● Assigned task: Could you copy every entry exactly, dropping the pictures?

*** Opening of Given records ***

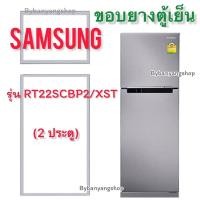 ราคา ขอบยางตู้เย็น SAMSUNG รุ่น RT22SCBP2/XST (2 ประตู) (23508903421)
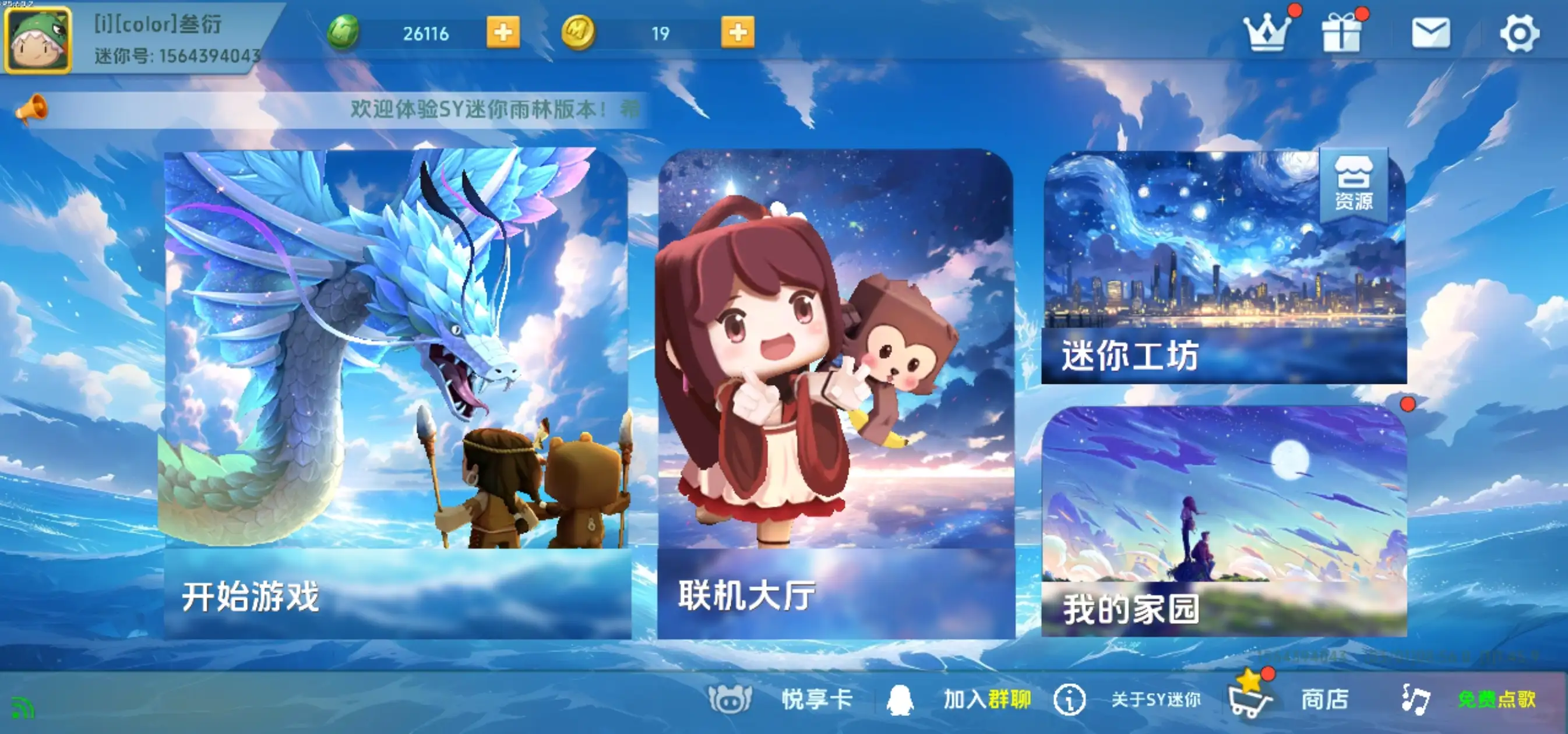 SY迷你雨林版本|可联机|可点歌|跨渠道-松纸工作室博客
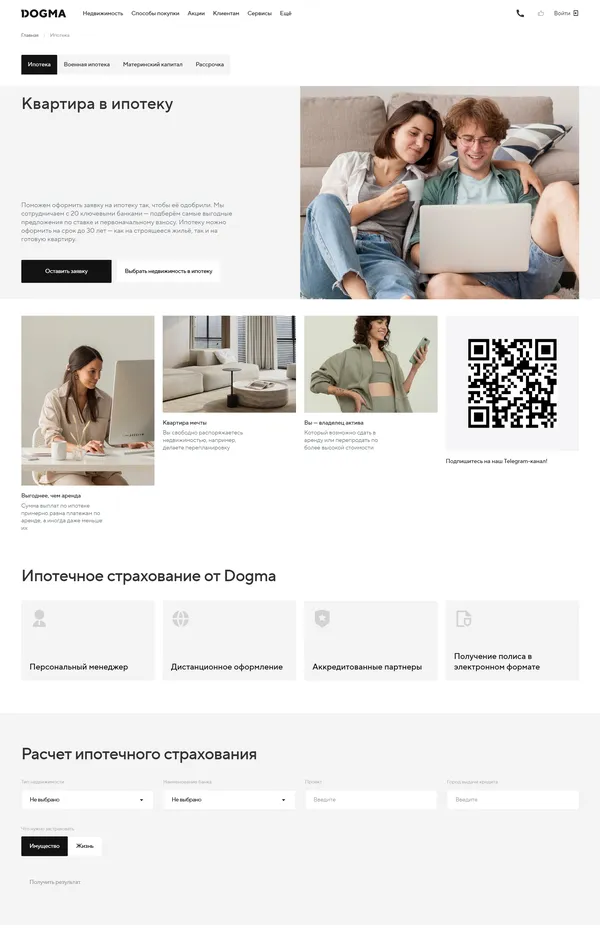 Продукт DOGMA, тематика — Недвижимость, цвета — Белый, Серый, стиль — Корпоративный, Минимализм, типографика — Без засечек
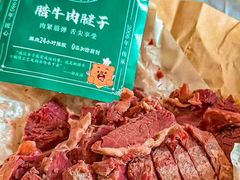 -孙庆海腊牛肉店(大皮院店)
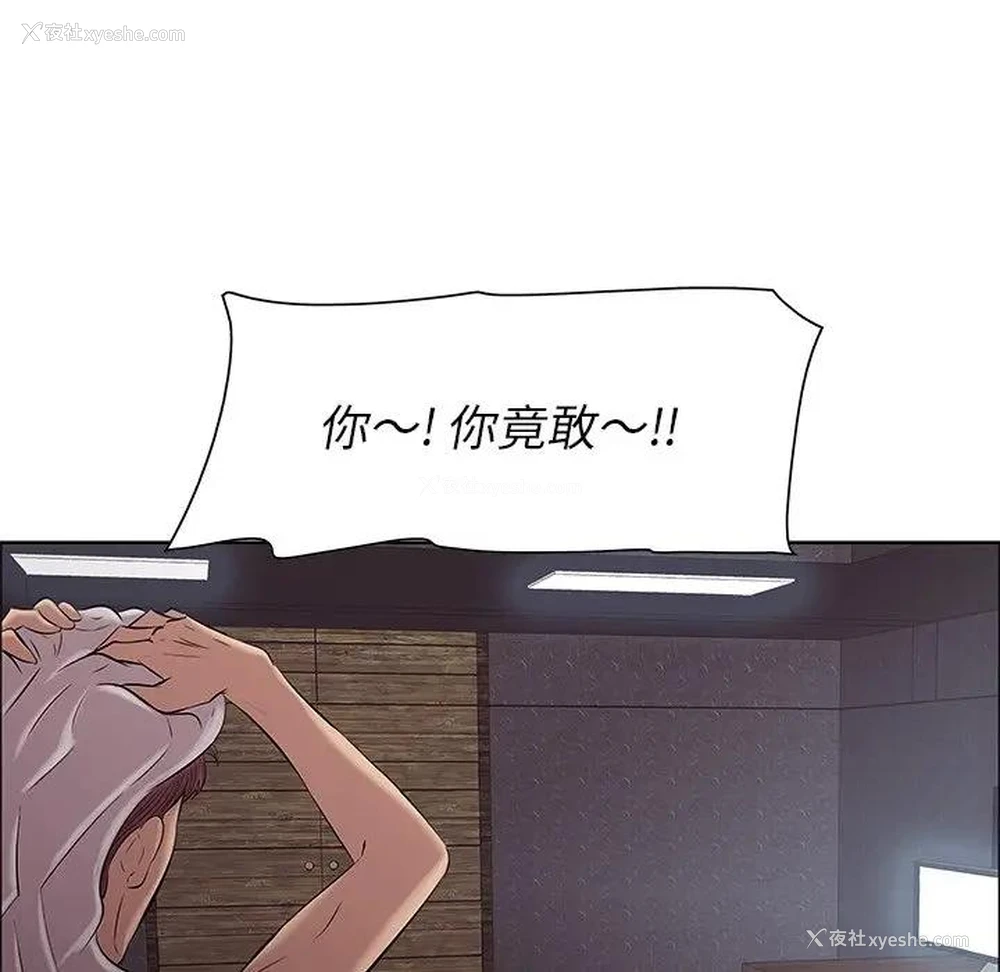 132P - 一口就好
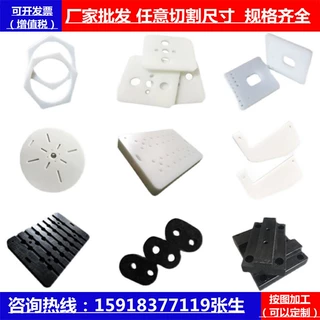 黑色POM板 棒PU. PLA. PVC.PE.PP.PVDF.PCTFE.PTFE.PPA.CPVC板 棒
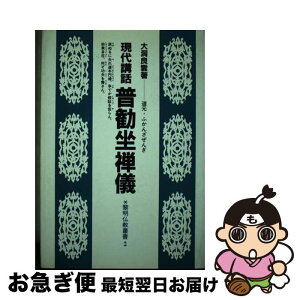 【中古】 現代講話普勧坐禅儀 道元・ふかんざぜんぎ / 大洞 良雲 / 黎明書房 [単行本]【ネコポス発送】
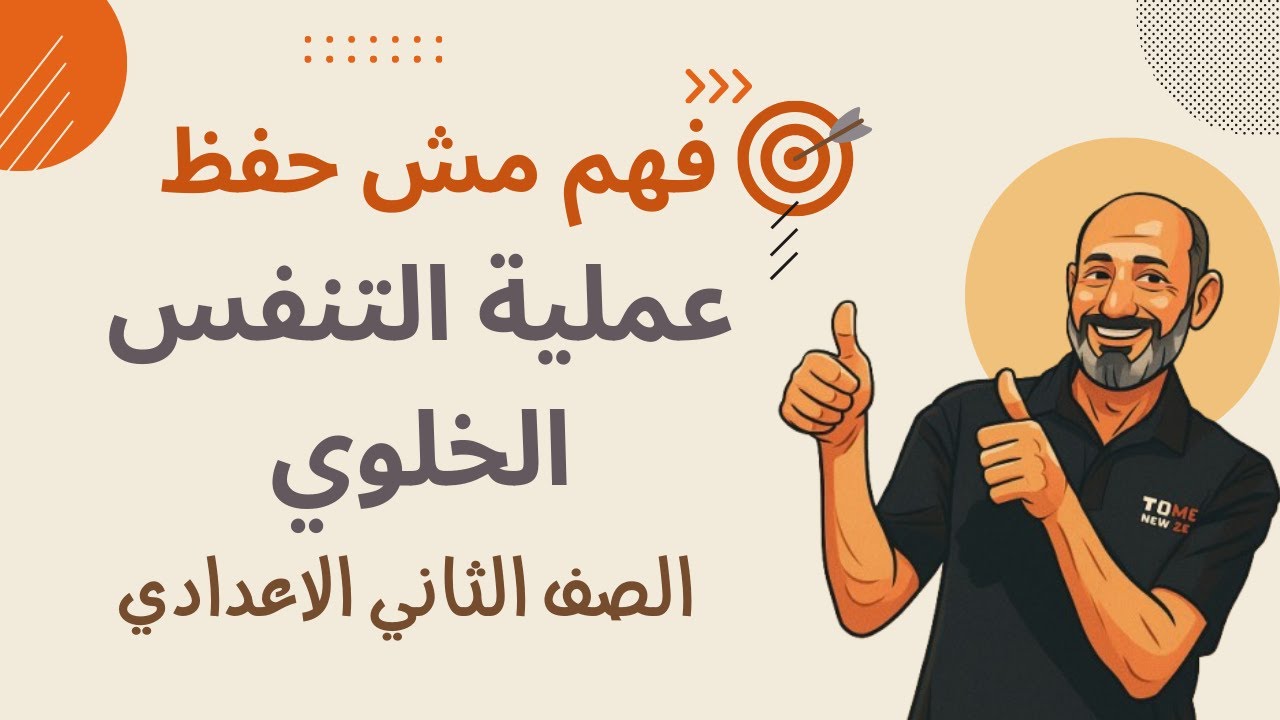 عملية التنفس الخلوي | علوم الصف الثاني الإعدادي – شرح مبسط وأهم الأسئلة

*** Close of Given records ***

● Answer space:
 ราคา ขอบยางตู้เย็น SAMSUNG รุ่น RT22SCBP2/XST (2 ประตู) (23508903421)
 SY迷你雨林版本|可联机|可点歌|跨渠道-松纸工作室博客
 Продукт DOGMA, тематика — Недвижимость, цвета — Белый, Серый, стиль — Корпоративный, Минимализм, типографика — Без засечек
 -孙庆海腊牛肉店(大皮院店)
 132P - 一口就好
 黑色POM板 棒PU. PLA. PVC.PE.PP.PVDF.PCTFE.PTFE.PPA.CPVC板 棒
 【中古】 現代講話普勧坐禅儀 道元・ふかんざぜんぎ / 大洞 良雲 / 黎明書房 [単行本]【ネコポス発送】
 عملية التنفس الخلوي | علوم الصف الثاني الإعدادي – شرح مبسط وأهم الأسئلة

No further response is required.